Aim of the exercise:
Nothing but the lines below between the line holding "Wide grip black" and the line holding "A street scene", inclusive, should appear in the answer, each set down exactly.

Recorded data:
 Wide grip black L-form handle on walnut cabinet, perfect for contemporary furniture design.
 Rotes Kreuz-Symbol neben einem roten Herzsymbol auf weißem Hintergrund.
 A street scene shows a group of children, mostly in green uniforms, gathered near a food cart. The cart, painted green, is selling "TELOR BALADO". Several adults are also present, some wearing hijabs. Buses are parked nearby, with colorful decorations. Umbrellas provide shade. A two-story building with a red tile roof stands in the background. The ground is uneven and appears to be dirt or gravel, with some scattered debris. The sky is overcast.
--
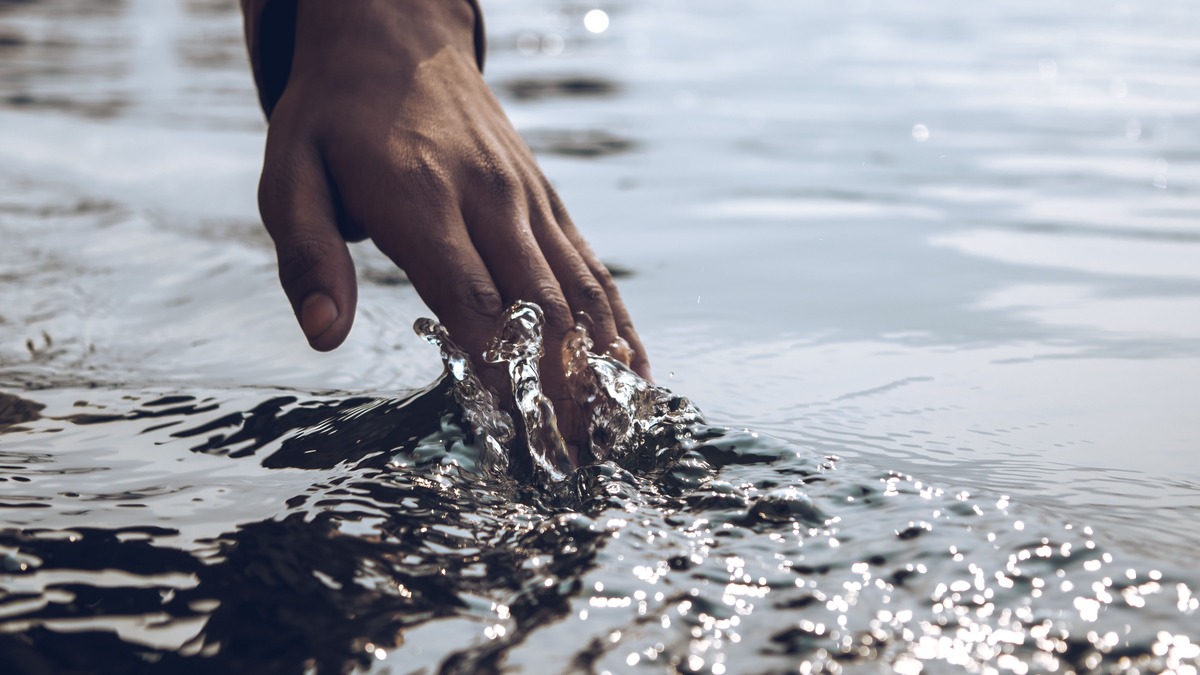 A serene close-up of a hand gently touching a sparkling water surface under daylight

Response to the task:
 Wide grip black L-form handle on walnut cabinet, perfect for contemporary furniture design.
 Rotes Kreuz-Symbol neben einem roten Herzsymbol auf weißem Hintergrund.
 A street scene shows a group of children, mostly in green uniforms, gathered near a food cart. The cart, painted green, is selling "TELOR BALADO". Several adults are also present, some wearing hijabs. Buses are parked nearby, with colorful decorations. Umbrellas provide shade. A two-story building with a red tile roof stands in the background. The ground is uneven and appears to be dirt or gravel, with some scattered debris. The sky is overcast.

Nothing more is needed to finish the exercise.